### Short web captions
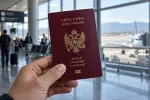 Crnogorski pasoš na 68. mjestu: Bez vize u 79 destinacija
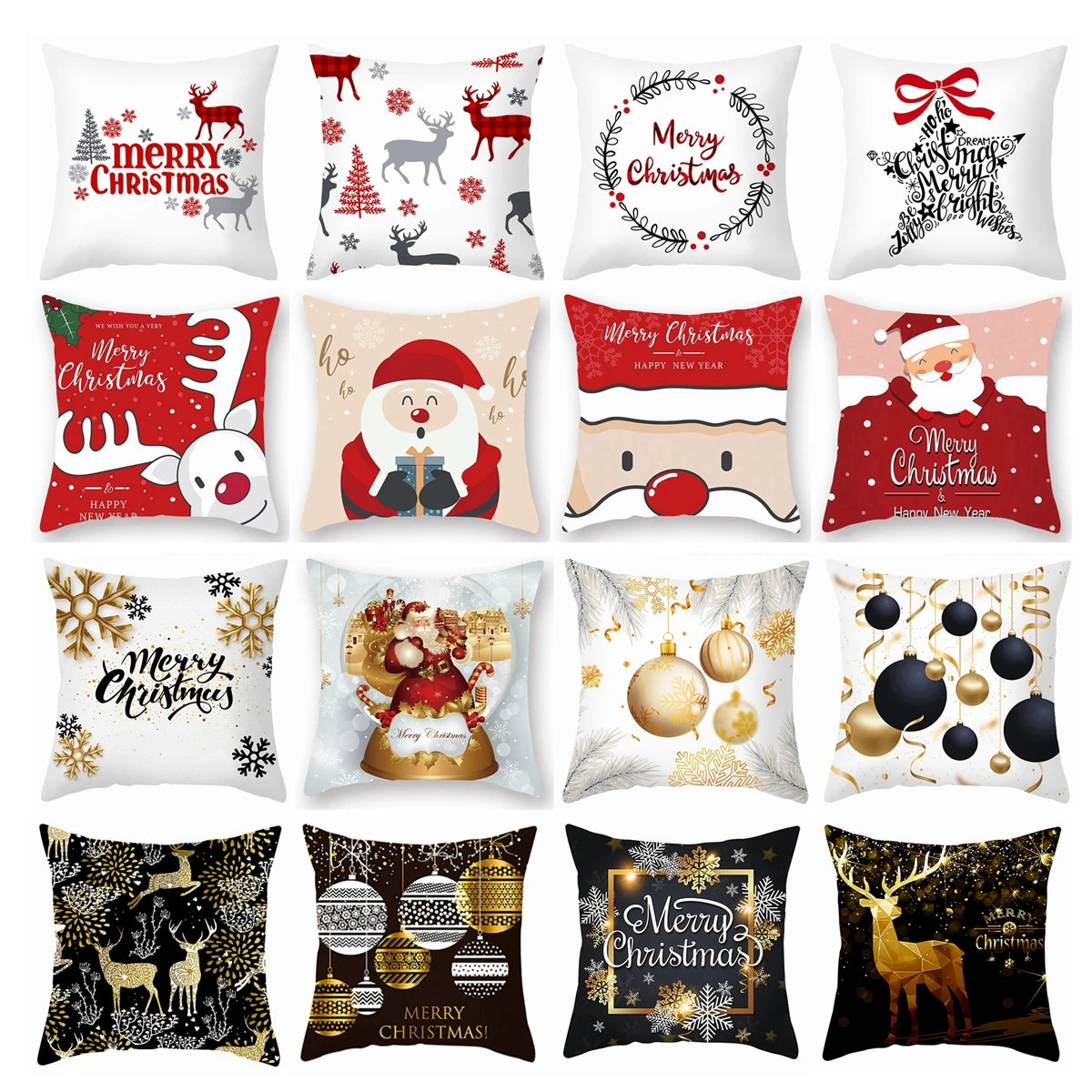Christmas Cushion Cover / Pillowcase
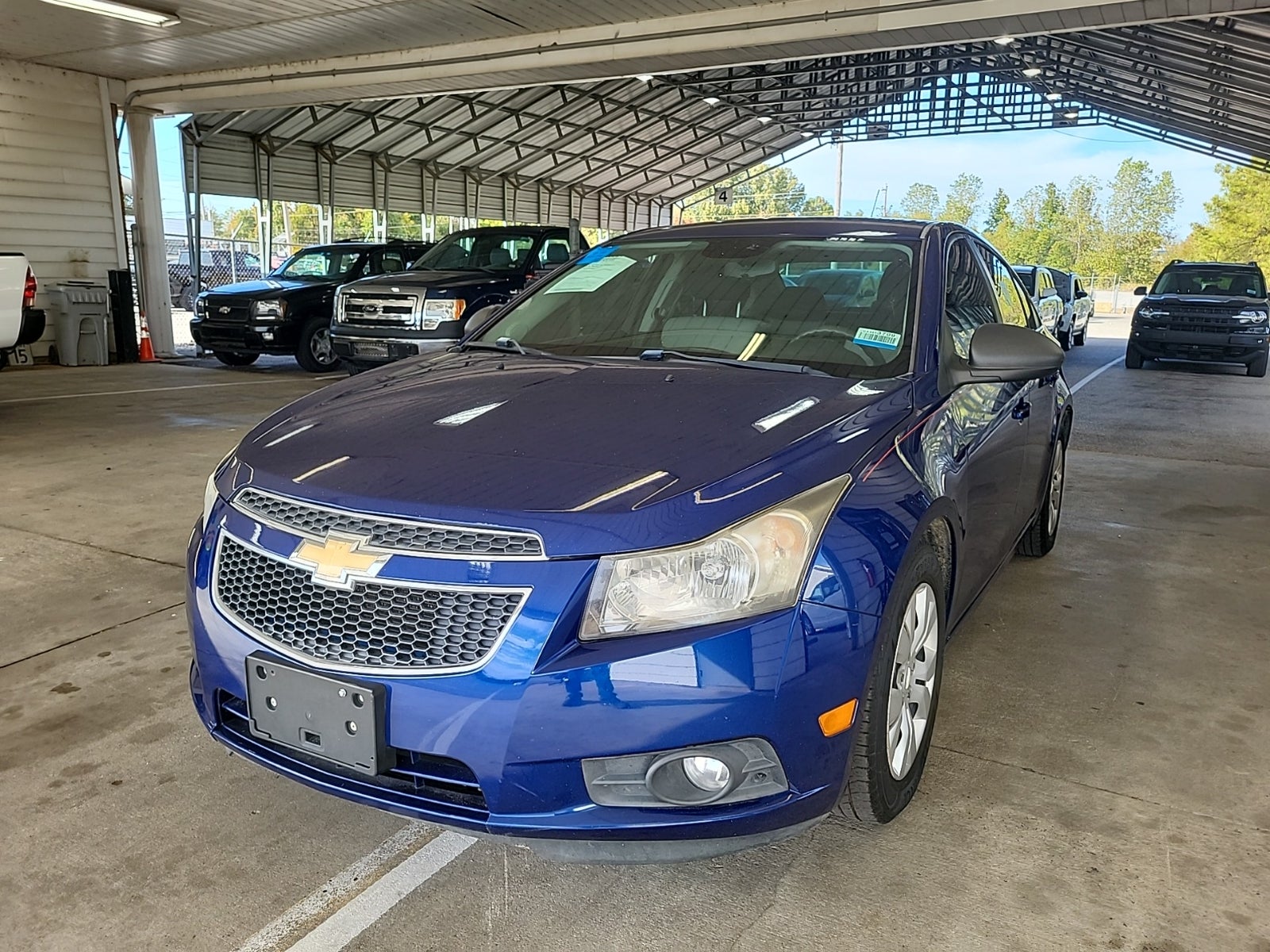 2012 Chevrolet Cruze LS
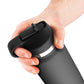 PDX Plus Fuck Flask Secret Delight Stroker - Clair/Gris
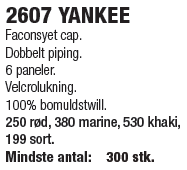 2607 YANKEE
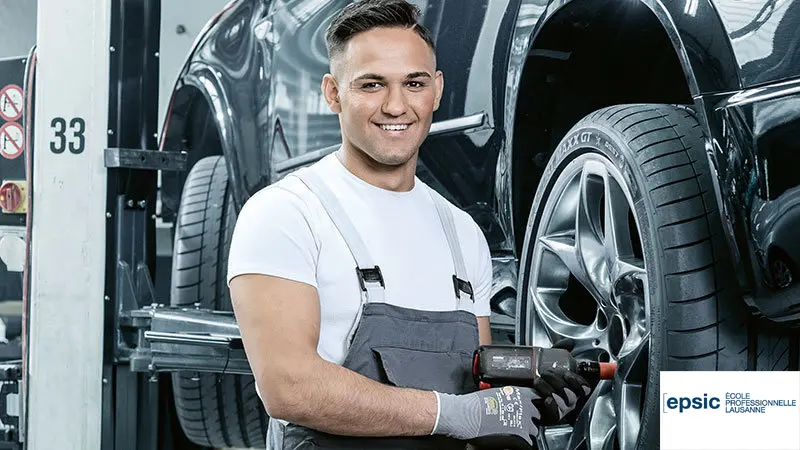 Set Assistant/e en maintenance d’automobiles – EPSIC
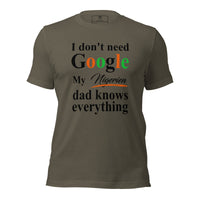 Nigerien Dad Tshirt, Funny Dad tshirt, African Dad Tshirt, Father&#39;s Day Tshirt, Couples Tshirt, African Couple.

### WORK REQUEST
Return exactly the line containing "2607 YANKEE" and every line after it, up to and including the final line of the entries above. Pictures stay out.

### FINISHED EXERCISE
 2607 YANKEE
 Set Assistant/e en maintenance d’automobiles – EPSIC
 Nigerien Dad Tshirt, Funny Dad tshirt, African Dad Tshirt, Father&#39;s Day Tshirt, Couples Tshirt, African Couple.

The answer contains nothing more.